Box-and-whisker plots for the derived electroencephalographic measures CI and CS, during propofol-remifentanil anaesthesia, as a function of the modified Observer’s Assessment of Alertness/Sedation (OAA/S) score for 0, 2 and 4 ng/ml effect site remifentanil concentrations. The modified OAA/S scale is a measure of alertness and sedation: 5 = responds readily to name, 4 = responds lethargically to name, 3 = responds to name called loudly and repeatedly, 2 = responds to mild prodding/shaking, 1 = responds only after painful stimulus, 0 = completely unresponsive. Boxes represent interquartile ranges, lines enclosed within boxes median values, whiskers represent largest/smallest values and crosses outliers (Figure adapted from [44])

5 Conclusion

The aim of this chapter has been to give an account of a relatively simple neural field model of the resting EEG and to briefly illustrate some of its more interesting dynamical features as well as speculating on its physiological relevance in accounting for resting alpha band activity and its perturbation by a range of endogenous and exogenous pharmacological factors. In particular we discussed the predicted sensitivity of model dynamics to differential perturbations in cortical inhibition and how this might account for the electroencephalographic effects of anesthetics that act principally through GABAergic agonism. We argued that to first approximation anesthetics alter noise-driven linear properties of the resting EEG. However it is known that anesthetics are also able to induce quite profound qualitative alterations in the EEG . At high levels of many sedative and anaesthetic agents the EEG can exhibit burst suppression. Typically the burst suppression pattern consists of bursts of high amplitude slow, sharp or spiking activity separated by periods of near iso-electricity (suppression) [54]. As anaesthetic depth increases the periods of burst become shorter. While it is often assumed that the burst-suppression pattern arises from slow thalamic oscillations driving cortex, the fact that the pattern survives following cortical deafferentation suggests that it arises as a consequence of intrinsic dynamical properties of cortical tissue. Therefore the challenge of ours, and similar models, is to account for this phenomenon in the context of a plausible physiological framework and the known molecular and cellular targets associated with anaesthetic action.

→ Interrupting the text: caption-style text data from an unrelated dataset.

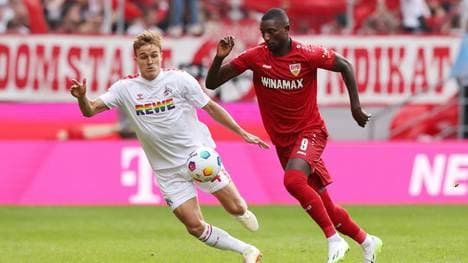 Hübers (l.) hofft auf eine Überraschung gegen Bayern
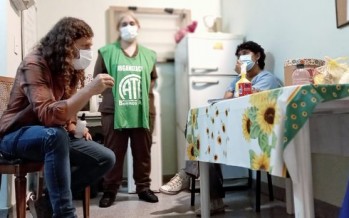 Oscar Isasi, secretario general de ATE, visitó nuestra ciudad: «El sistema sanitario está al límite»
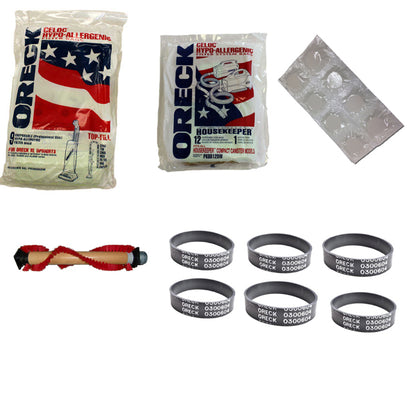 Oreck XL and Compact Canister Vacuum Cleaning Tune Up Kit - Genuine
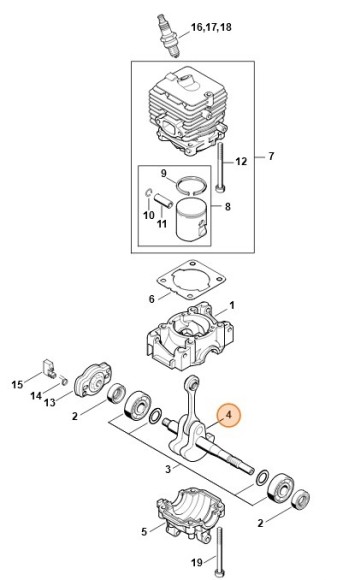 Коленвал (41440300400)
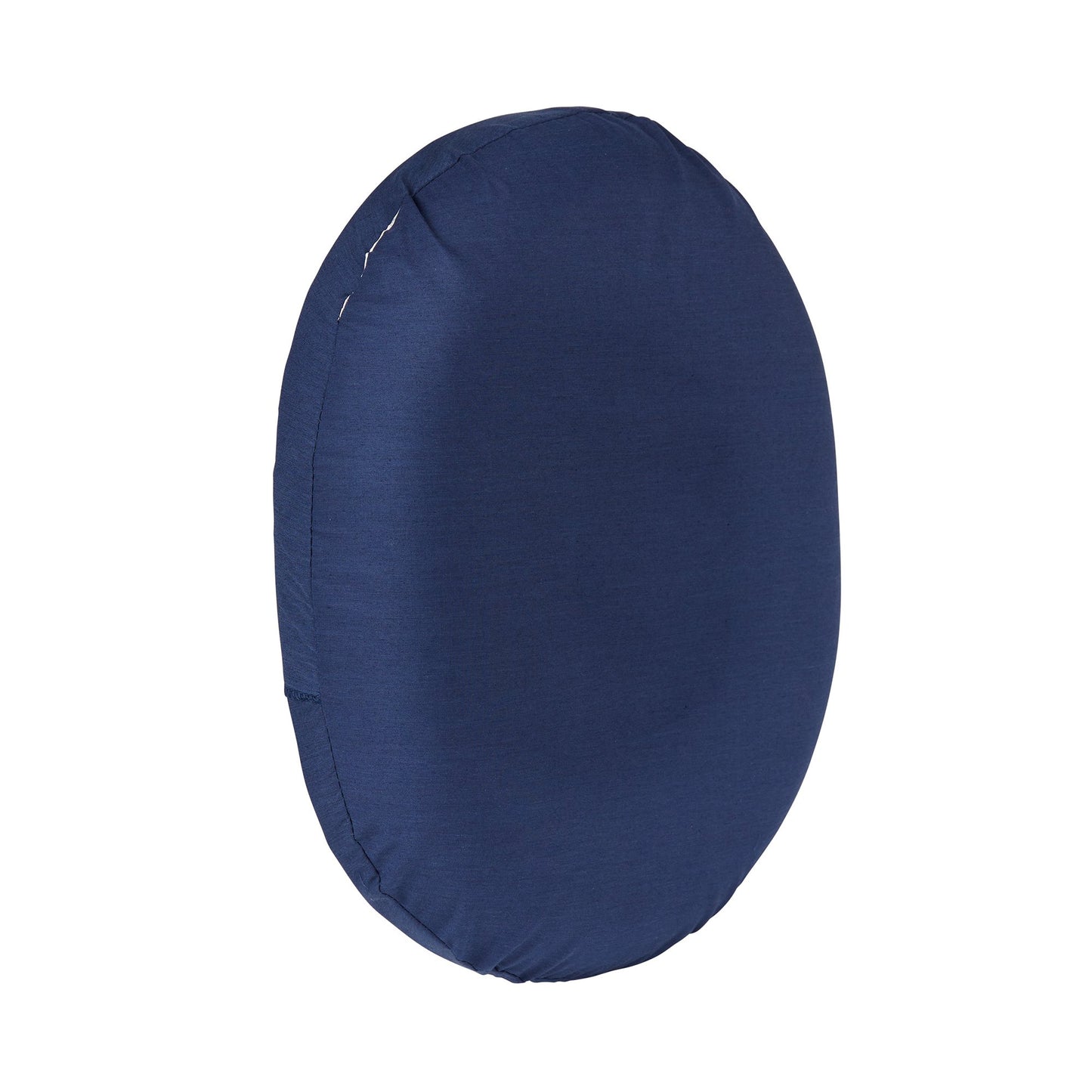 CUSHION, DONUT NAVY BLU 14" (6/CS)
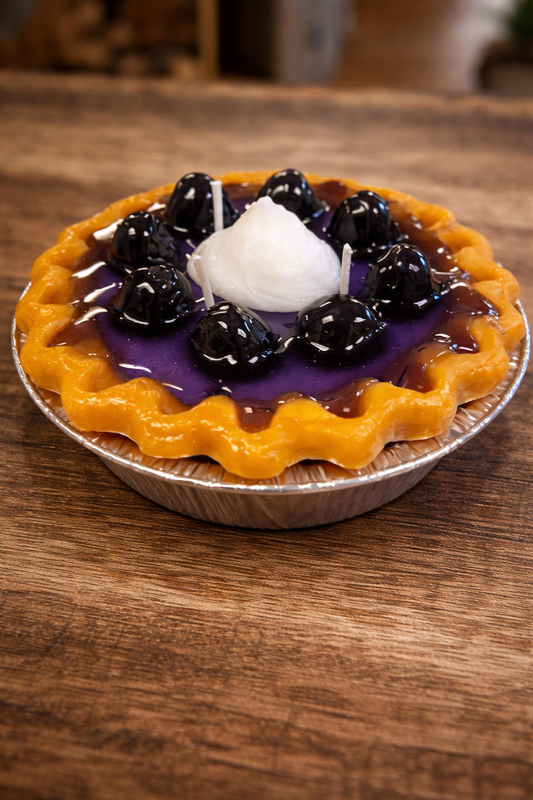 Blackberry Pie Candle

There is an emerging practical utility for mean field models as evinced by our simple fixed order ARMA approach. While this single-electrode approach can, at least in principle, be easily extended to the multi-electrode case by the suitable definition of a multivariate (vector) ARMA model the real challenge is to estimate actual model parameters from empirical data and to see if they accord with known physiology. At present the action of anaesthetic agents would appear to provide the most robust context in which to estimate model parameters as they can be directly associated with known cellular and molecular targets of action.